While it may do wonders for the readership of this blog, I will (probably) not be experimenting with acid or any other hallucinogenic drugs. LSD is simply the acronym that I’m going to use for ‘Lifestyle Design’. I don’t give a rat’s ass if lifestyle is one word – my blog, my rules.
As I mentioned in the first post, the experiments that I’m going to be conducting will be cheap and quick. My writing is going to focus on the results of the experiments rather than the science behind them. The ultimate goal of the experiments is to determine whether or not the independent variable (the shit that I’m testing) should be adopted as part of my post lab-rat lifestyle. In determining whether or not to adopt the test variable, I will essentially be weighing the effects it has on the follows areas of my life:
- Free time
- Physical energy
- Sleep quality
- Ability to think critically
- Mental dexterity
- Personal entertainment
For my first experiment, I’m going to meditate within thirty minutes of waking up every day for a month.

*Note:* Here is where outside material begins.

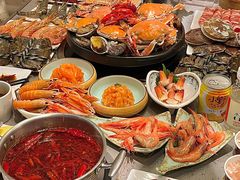 -乔哥铭洋海鲜自助(皇城恒隆广场店)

One of the reasons for my interest in meditation is that I have found it to be a common practice among people I admire, from entrepreneurs and philosophers to world leaders and athletes. These individuals support the notion that meditation is to the mind what steroids are for the muscles – except meditation isn’t frowned upon by Major League Baseball.

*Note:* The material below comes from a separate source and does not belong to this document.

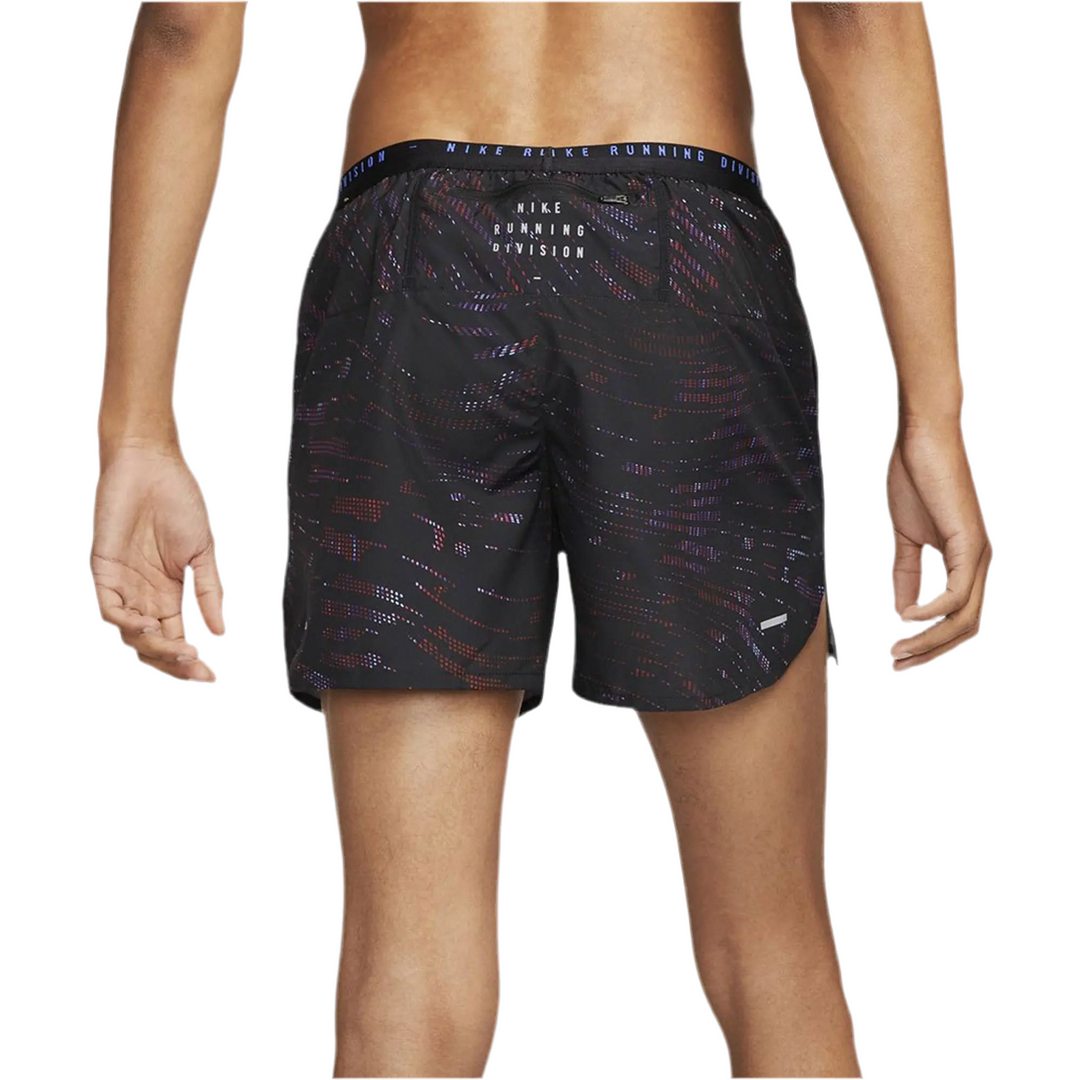 Nike Run Division Stride 5" Shorts Psychic Purple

For full disclosure, meditation is not new to me. I started meditating at the beginning of this year and have gone through 130 sessions and 30 hours of exercises since. I’ve tried a number of different techniques but have had the most success in using… a friggin’ app. It seems like an oxymoron. How can you effectively combine something so natural and organic and minimalistic with a god damn piece of technology?! I’ll tell you how – with Andy Puddicombe and Headspace. In a nutshell, Andy is an Englishman who was ordained as a Tibetan Buddhist Monk, started a company called Headspace, and released an app where he uses his soothing British accent to guide you through mental exercises. I’m not saying that Andy is the second coming of Christ, but then again, nobody has ever seen Andy and Jesus in the same room.
Even though I have a decent amount of experience with meditation, I never fully committed to the practice of it. I didn’t meditate every day and when I did meditate, I did it when it felt convenient for me. This is a sure-fire way not to get the results you want. There is scientific evidence that suggests that the human brain responds best to meditation when it is done soon after waking and at the same time every day. If meditation has a connotation that is too religious (typical democrats) or too eastern (typical republicans) for you, substitute the term “mental priming” and the utility of it may become clearer.
Because my mind isn’t presently conditioned for meditation, I’m expecting the first week of this experiment to be rough. When my alarm goes off tomorrow morning I’m sure I’ll be tempted to skip the exercise and sleep for an extra twenty minutes. I’m expecting that I’ll get distracted by external stimuli or my sleepiness during the sessions. I’m expecting to get impatient when I don’t notice any results after the first few days or weeks.
With that said, I cannot wait to get started. Listen, the science that supports the benefits of meditation is out there. It’s public knowledge. I, like most people, just need a swift kick in the ass to really commit myself to it. This experiment and, more generally, this blog is that ass kicking. It’s the accountability I need to see the experiment through.
Alas, by the end of the experiment I expect the following results:
- Improve my ability to focus on work related tasks
- Improve my sleep quality
- Allow my brain to function at a higher level for longer periods of time
- Healthier reactions to mental stress and anxiety
I feel the most objective way to measure the results is through daily reflection (which I’ll document the shit out of). I’ll provide weekly updates so you’ll be able aware of any learning curves, breakthroughs, and struggles that I experience. You’re obviously welcome to join me in any of these experimental undertakings, but the intent of this blog is for you to learn from me doing the dirty work and letting my results guide you in which practices you choose to adopt.